Peut-on faire une retraite de méditation dans un temple du Henan ?+
Certains monastères du Henan acceptent des pratiquants pour des séjours courts (quelques jours), notamment des temples moins fréquentés du massif du Songshan. Cela nécessite de contacter directement le temple, de parler ou d'être accompagné par quelqu'un parlant mandarin, et d'accepter le règlement monastique (lever tôt, repas végétariens, silence). Aucun programme "retraite" standardisé en langue française n'est disponible à ce jour.
Les grottes de Longmen valent-elles le détour par rapport à Dunhuang ou Yungang ?+
Longmen, Dunhuang (Gansu) et Yungang (Shanxi) constituent les trois grands ensembles de grottes bouddhistes de Chine. Longmen se distingue par son style Tang, son accès facile depuis Luoyang et la qualité de conservation de nombreuses sculptures. Dunhuang offre des peintures murales uniques au monde. Yungang présente des statues colossales du style Wei du Nord. Les trois méritent le voyage ; Longmen est souvent la première étape pour un visiteur au budget-temps limité car l'infrastructure touristique y est la plus développée.
Faut-il un visa spécial pour visiter les temples religieux en Chine ?+
Non. Les temples bouddhistes du Henan sont accessibles avec un visa touristique standard pour la Chine (visa L). Il n'existe pas de restriction particulière pour les sites religieux dans le cadre d'une visite touristique classique. Vérifier les conditions de visa en vigueur au moment du voyage auprès de l'ambassade ou du consulat de Chine compétent, car les règles évoluent régulièrement.

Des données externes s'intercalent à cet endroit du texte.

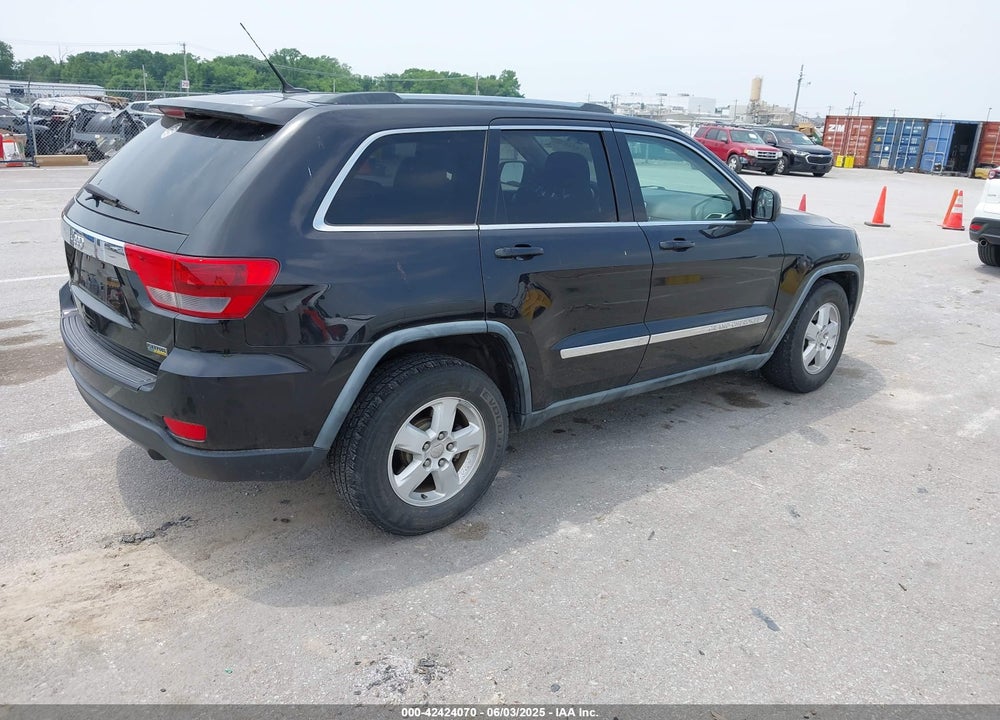 2011 JEEP GRAND CHEROKEE VIN: 1J4RR4GG6BC506886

Qu'est-ce qu'un mala et comment s'en sert-on dans les temples bouddhistes du Henan ?+
Un mala (du sanskrit *mala*, "guirlande") est un chapelet de 108 perles utilisé dans le bouddhisme pour compter les répétitions d'une récitation : nom d'un Bouddha, mantra ou formule de vœu. Dans les temples Chan et Terre Pure du Henan, les pratiquants laïcs et moines l'utilisent lors des offices collectifs comme lors de la pratique individuelle. Le nombre 108 est symbolique dans plusieurs traditions indiennes et bouddhistes : il représente, selon les sources, les 108 afflictions mentales ou les 108 volumes du canon tibétain. Les malas sont fabriqués dans des matériaux variés (bois de santal, graines de bodhi, pierres) selon les traditions et les communautés.